Un gesto incantevole come i tanti gesti di cui sono capaci tanti esseri umani straordinari. Come quelli di quei soldati dell’aviazione israeliana che si rifiutarono di bombardare Gaza e vennero arrestati per diserzione; come gli avvocati americani che gratuitamente assistono i profughi bloccati negli aeroporti istruendo i ricorsi contro il bando di Trump; come i curdi che lottano e muoiono contro l’Isis per liberare le città siriane dall’orrore; come i quattro membri della squadra di soccorso della Guardia di Finanza che passano quattro ore in mezzo alla bufera e alla neve, in piena notte, con il rischio di essere travolti da una slavina, per raggiungere con gli sci l’hotel Rigopiano e salvare più persone possibile.

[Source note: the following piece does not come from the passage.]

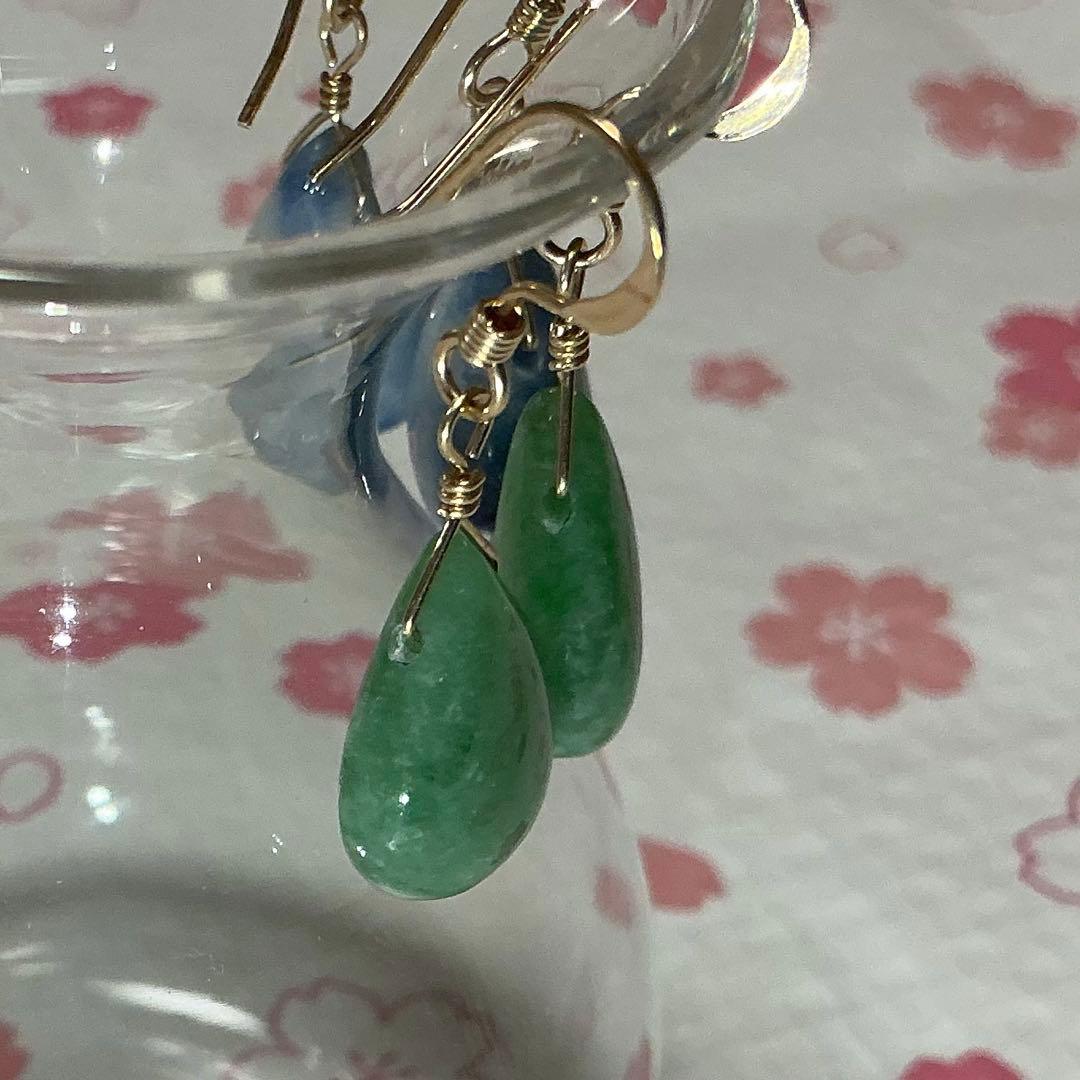 金山谷翡翠 ティアドロップピアス 14kgf 専用】金山谷翡翠 ティア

E tanti, tanti altri gesti che ci fanno vedere che l’umanità non è ancora morta, che sogna ancora un mondo di pace, ne ha bisogno intimamente. E allora prova a farsi spazio anche in mezzo a questo orrore, a questo tempo senza memoria popolato ancora una volta da mostri assetati di potere e denaro.

Non so quanto sia forte, non so nemmeno se ci sia ancora spazio verso il fondo o se manchi poco per la risalita. So però che non può finire così. Non può durare a lungo tutto ciò. Qualcosa cambierà. Deve cambiare. E deve cambiare in meglio. Dobbiamo cambiare. Perché se l’essere umano e la sua dignità diventeranno definitivamente merce di scambio, corpi e muscoli da quantificare al netto della loro anima, non ci sarà più nulla. Nemmeno il mondo. Nemmeno noi.